*** Opening GIVEN INFORMATION ***

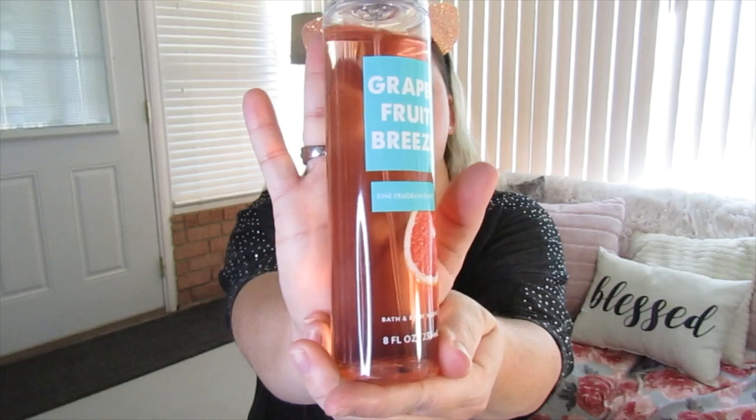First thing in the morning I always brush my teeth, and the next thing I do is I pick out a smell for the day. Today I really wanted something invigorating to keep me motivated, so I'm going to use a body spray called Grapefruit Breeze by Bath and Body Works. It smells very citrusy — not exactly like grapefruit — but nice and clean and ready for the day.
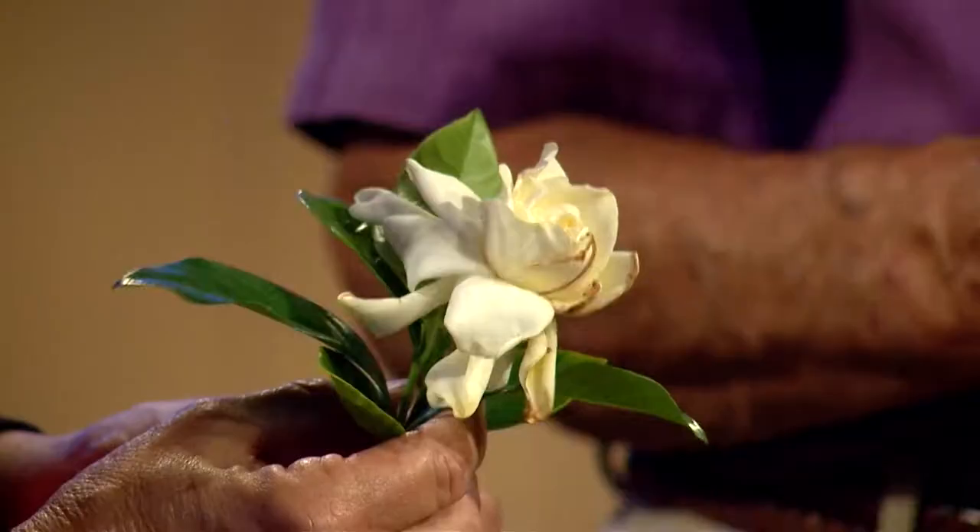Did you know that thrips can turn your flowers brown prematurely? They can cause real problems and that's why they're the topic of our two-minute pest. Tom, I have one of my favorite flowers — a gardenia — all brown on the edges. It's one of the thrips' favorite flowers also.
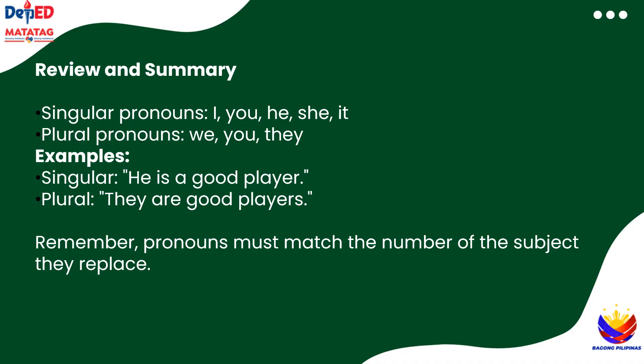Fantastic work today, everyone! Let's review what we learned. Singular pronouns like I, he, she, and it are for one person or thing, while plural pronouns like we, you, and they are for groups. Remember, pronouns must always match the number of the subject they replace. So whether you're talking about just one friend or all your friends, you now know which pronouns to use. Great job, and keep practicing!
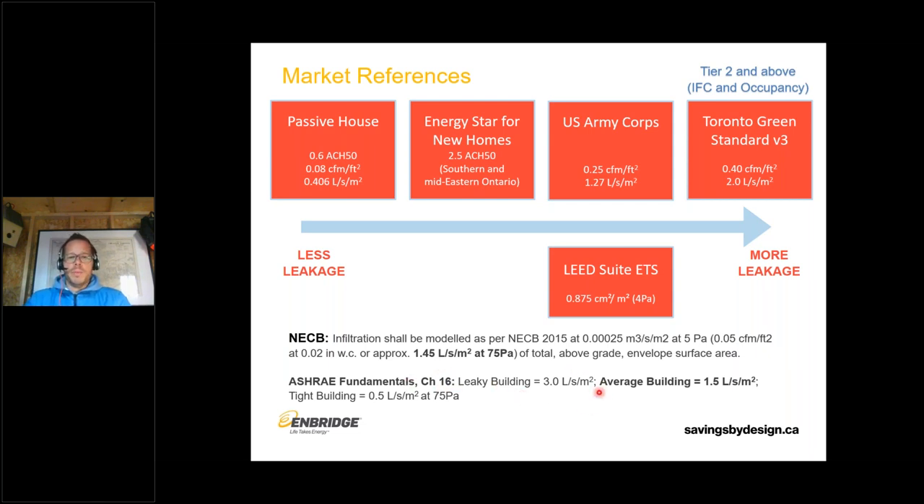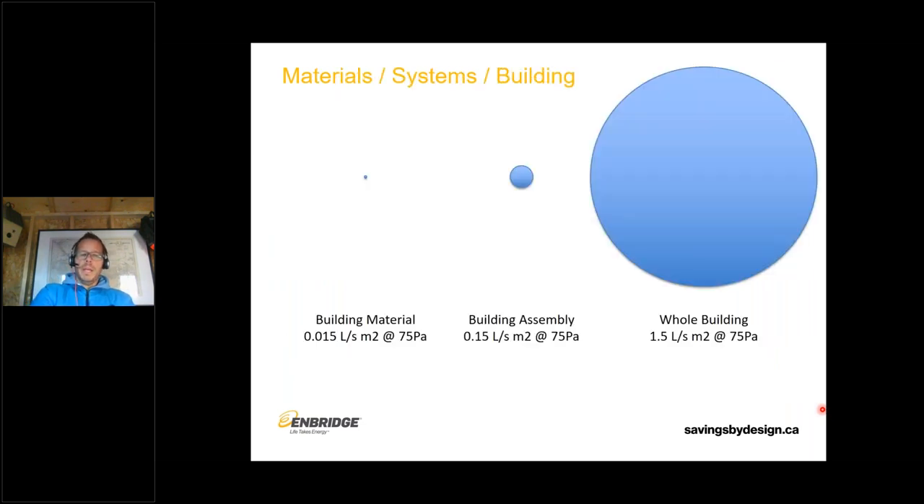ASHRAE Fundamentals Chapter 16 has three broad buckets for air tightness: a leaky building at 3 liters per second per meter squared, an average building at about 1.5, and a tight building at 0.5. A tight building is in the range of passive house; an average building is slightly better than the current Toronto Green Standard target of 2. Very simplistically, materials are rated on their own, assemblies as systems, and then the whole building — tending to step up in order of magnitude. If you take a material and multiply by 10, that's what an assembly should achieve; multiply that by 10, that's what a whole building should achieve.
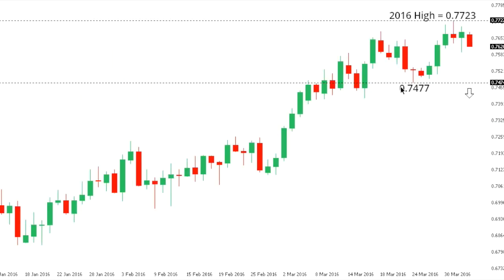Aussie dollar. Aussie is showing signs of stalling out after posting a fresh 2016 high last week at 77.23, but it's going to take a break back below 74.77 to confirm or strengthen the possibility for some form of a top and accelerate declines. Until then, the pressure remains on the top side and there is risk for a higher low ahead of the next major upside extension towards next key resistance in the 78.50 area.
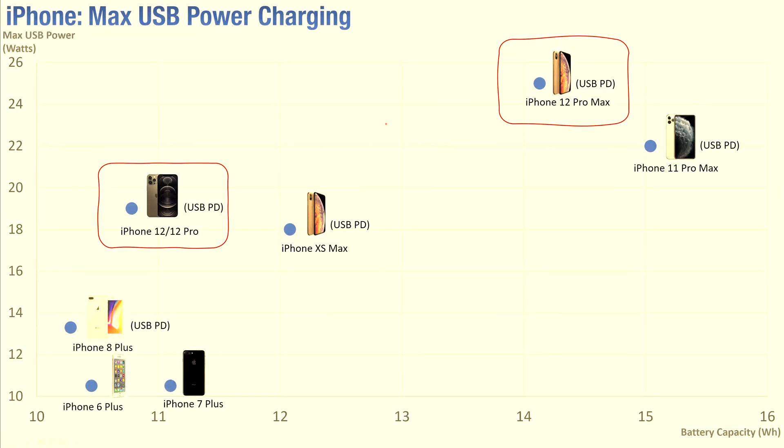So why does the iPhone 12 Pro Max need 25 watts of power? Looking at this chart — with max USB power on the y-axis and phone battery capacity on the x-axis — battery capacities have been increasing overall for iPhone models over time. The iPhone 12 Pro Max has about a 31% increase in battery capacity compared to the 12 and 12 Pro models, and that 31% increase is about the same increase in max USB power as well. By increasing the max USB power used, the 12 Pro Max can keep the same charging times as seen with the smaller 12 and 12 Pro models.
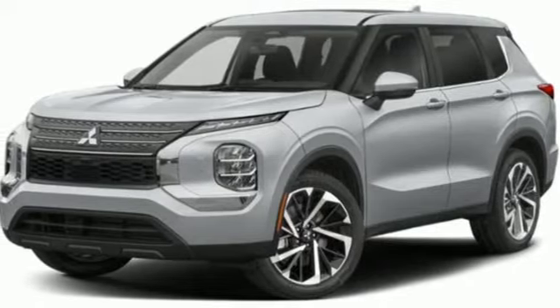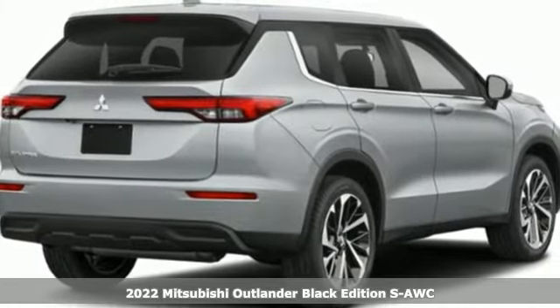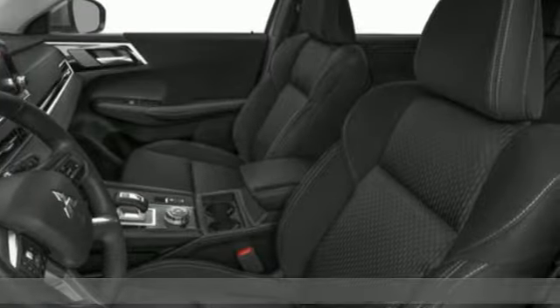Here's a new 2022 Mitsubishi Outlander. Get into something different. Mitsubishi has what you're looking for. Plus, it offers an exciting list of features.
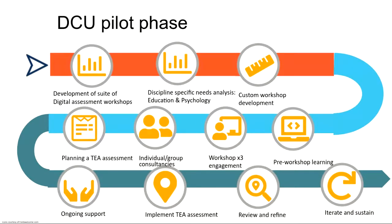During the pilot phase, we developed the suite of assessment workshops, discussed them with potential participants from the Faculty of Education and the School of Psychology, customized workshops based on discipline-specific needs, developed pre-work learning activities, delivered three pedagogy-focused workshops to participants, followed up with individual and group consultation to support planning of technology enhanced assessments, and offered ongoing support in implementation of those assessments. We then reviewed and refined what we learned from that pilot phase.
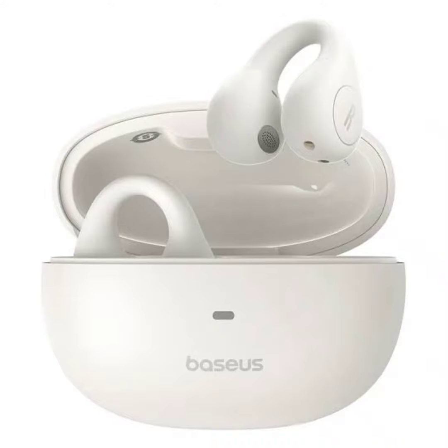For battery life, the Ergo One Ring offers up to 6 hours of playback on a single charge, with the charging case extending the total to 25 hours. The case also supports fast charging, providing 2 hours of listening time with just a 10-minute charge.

*** Closing GIVEN INFORMATION ***

**EXERCISE DESCRIPTION:** What are the lines in the records above, word for word, from the one containing "Fantastic work today, everyone!" through the one containing "ASHRAE Fundamentals Chapter", both ends included and pictures left out?

**EXPECTED ANSWER:**
Fantastic work today, everyone! Let's review what we learned. Singular pronouns like I, he, she, and it are for one person or thing, while plural pronouns like we, you, and they are for groups. Remember, pronouns must always match the number of the subject they replace. So whether you're talking about just one friend or all your friends, you now know which pronouns to use. Great job, and keep practicing!
ASHRAE Fundamentals Chapter 16 has three broad buckets for air tightness: a leaky building at 3 liters per second per meter squared, an average building at about 1.5, and a tight building at 0.5. A tight building is in the range of passive house; an average building is slightly better than the current Toronto Green Standard target of 2. Very simplistically, materials are rated on their own, assemblies as systems, and then the whole building — tending to step up in order of magnitude. If you take a material and multiply by 10, that's what an assembly should achieve; multiply that by 10, that's what a whole building should achieve.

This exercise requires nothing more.